7. Building a Cloud Data Warehouse
Cloud data storage is expected to account for 53% of all enterprise data by the second quarter of 2021. Going forward, cloud storage or cloud data warehouse is clearly going to play a critical role in enterprise cloud transformation strategy. While the move to cloud sure looks like a safe bet, business intelligence teams must keep a few important things in mind before jumping on the bandwagon, such as:
Fig. 2: Consideration Before Moving to the Cloud
i) Closely understand the data modeling process
As a process, data modeling requires the business intelligence team to closely evaluate data process and storage. Data modeling techniques ideally include methods that govern data representation patterns, the preparation of data models, and communication of business requirements. The techniques essentially depend on some formalized workflows that include a sequence of objectives to be performed in an iterative manner, such as:
Fig. 3: Key Steps in Data Modeling Process
In cloud data warehouse architecture optimizing data retrieval speeds for generating analytics is the key. And this is where dimensional data models help create a difference. While Entity-relationship (ER) data models and relational data models emphasized efficient data storage practices, dimensional models focus on enhancing redundancy in order to make it easier for business intelligence teams to easily locate relevant data for retrieval and reporting purposes.
The two most popular dimensional data models include the star schema and the snowflake schema. In a star schema, data is cataloged as dimensions (reference information) and facts (measurable items). Here each fact is mapped with its related dimensions in a pattern that represents a star. The snowflake schema is similar to the star schema but it involves multiple layers of associated dimensions that make the entire pattern quite complex.
What are the benefits of star schema?
Star schema model offers the following benefits:
Simpler queries: In this model, all the data is linked through the fact table and the multiple dimension tables serve as a single table for information. This makes queries comparatively simpler and easier to perform.
Seamless business data reporting: Star Schema makes the process of retrieving business reports simple through period-over-period and as-of-as reports.
High-performing queries: Star Schema removes the barriers in a normalized schema which enhances query speed and performance of read-only commands.
The challenges of star schema include:
Star schema model can fail to enforce robust data integrity simply because of its denormalized architecture. Although there are countermeasures to stop anomalies from taking place, a quick update or insert command is enough to cause small data incongruities.
This data model is developed and optimized to cater to specific analytical needs and as denormalized data sets, star schema is suited for only simple queries.
What are the benefits of snowflake schema?
Snowflake schemas deliver the following benefits:
Compatibility with OLAP database modeling tools: Some OLAP database management tools that data scientists leverage for data modeling and analysis are designed to be compatible with snowflake schema.
Reduces disk space requirements: Data normalization in snowflake schema significantly reduces disk space requirements.

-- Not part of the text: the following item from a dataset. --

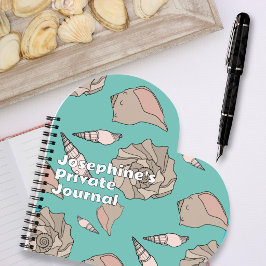 Whelk Shells Illustrated Custom Heart-shaped Notitieboek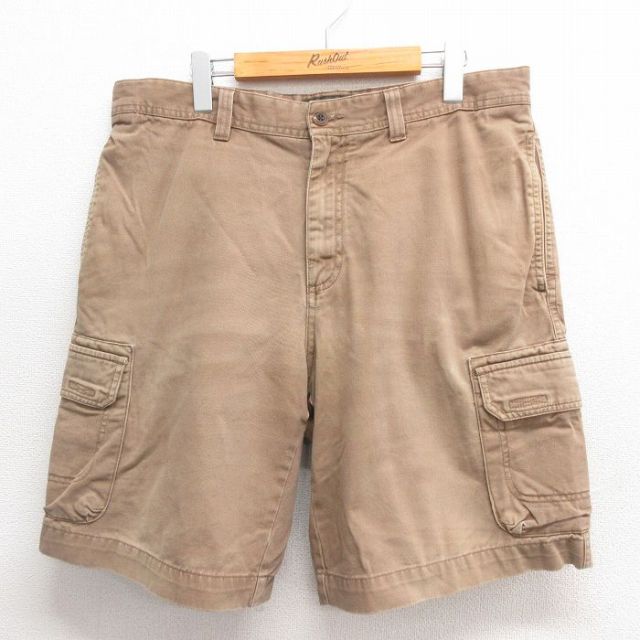 W35★古着 エディーバウアー ショート カーゴ パンツ ショーツ メンズ コットン 茶 ブラウン 25jun17 中古 ボトムス 短パン ショーパン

In this data model, data scientists essentially convert strings of non-numerical data into keys that are comparatively less taxing from a storage standpoint.
The challenges of star schema include:
Snowflake data schemas create multiple layers of complexity in an attempt to normalize the star schema attributes. This complexity often results in complicated source queries. In this model, complex joins lower the processing speed of cube data which is not the case for star schema.
ii) Ingestion and processing – ELT vs ETL
Data transmission from multiple disparate sources to a cloud data warehouse is done through an extract-transform-load or an extract-load-transform workflow. Selecting the right workflow is extremely critical in cloud data warehouse design. In the ETL workflow, data transformation is done before loading considering that no further transformation is required for analyzing and reporting. ETL served as the preferred workflow until the proliferation of cloud data warehouses with better data processing capabilities. Cloud data warehouses do not need to completely transform data before loading and data can be transformed eventually on the basis of requirements.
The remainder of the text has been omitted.